Goethe als Zeichner

Vor allem auf Reisen hat der Dichter mit Begeisterung gezeichnet – und sich künstlerisch immer weiterentwickelt.

Erstaunlich umfangreich ist das zeichnerische Oeuvre Johann Wolfgang von Goethes. Rund 2600 Werke haben sich erhalten – davon befinden sich mehr als 2000 in der Klassik Stiftung. Allein diese stattliche Anzahl lässt zaudern, in Goethe einen zeichnerischen Dilettanten im gängigen Sinne zu sehen. Tatsächlich wurde er, ohne dass er eine systematisch-akademische Ausbildung erfahren hätte, von zahlreichen bedeutenden Künstlern seiner Epoche meist im privaten – damit aber auch privilegierten – Rahmen geschult. Goethe selbst sah sich nie als Zeichner, dessen Ausbildung abgeschlossen war. Man kann von einem fast lebenslangen prozesshaften Studium sprechen, mit Phasen von unterschiedlicher Intensität.

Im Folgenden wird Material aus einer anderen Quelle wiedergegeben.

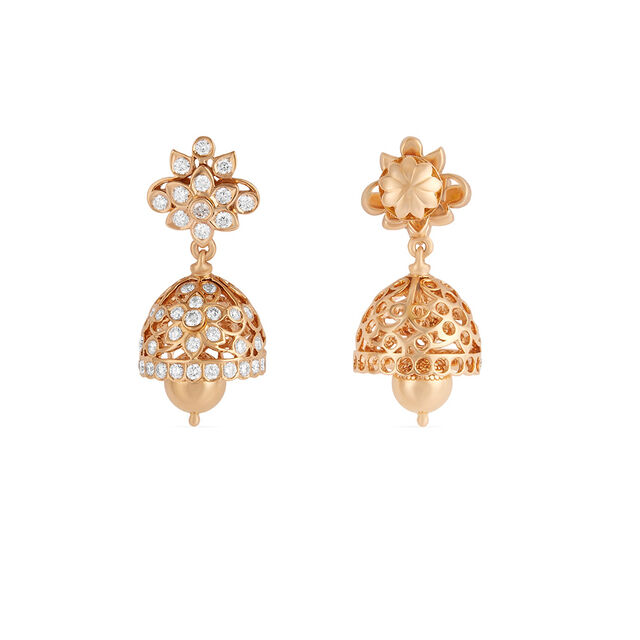 Flower Bells in White and Gold 4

Ersten Unterricht genießt Goethe im Frankfurter Elternhaus beim Zeichenmeister Johann Michael Eben. Über den Vater Johann Caspar Goethe, der zeitgenössische Gemälde sammelt, lernt der Sohn früh bedeutende regionale Künstler und ihre Ateliers kennen. Während des Jurastudiums in Leipzig bildet ihn dann der dortige Akademiedirektor Adam Friedrich Oeser gewissermaßen im Nebenstudium weiter und in Weimar wird der Leiter der neugegründeten »Fürstlichen freyen Zeichenschule«, Georg Melchior Kraus, ein zuverlässiger Freund bei zeichnerischen Übungen.

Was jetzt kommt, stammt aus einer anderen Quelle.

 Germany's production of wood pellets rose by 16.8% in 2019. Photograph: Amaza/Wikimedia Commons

Johann Wolfgang von Goethe, »Tempelruine«, um 1820, Graphit und Aquarell

Johann Wolfgang von Goethe, »Tempelruine«, um 1820, Graphit und Aquarell, Klassik Stiftung Weimar

Inspirierende Impulse bringt Goethes erste Reise in die Schweiz, kurz vor der Übersiedlung nach Weimar. In »Werthertracht« und gemäß der Stimmungswelt des »Sturm und Drang« möchte er mit Freunden die Wildheit und Fremdheit der Schweizer Landschaft erleben. Wasserfälle, Felsen und Schluchten, Berglandschaften wie der berühmte »Scheideblick vom St. Gotthard nach Italien« mit ihrem weiten Sichtradius über das Hochgebirge, Erhabenheit, das Gefühl von Grenzenlosigkeit und ungebrochener Natur sind die beherrschenden Themen der Reisebilder.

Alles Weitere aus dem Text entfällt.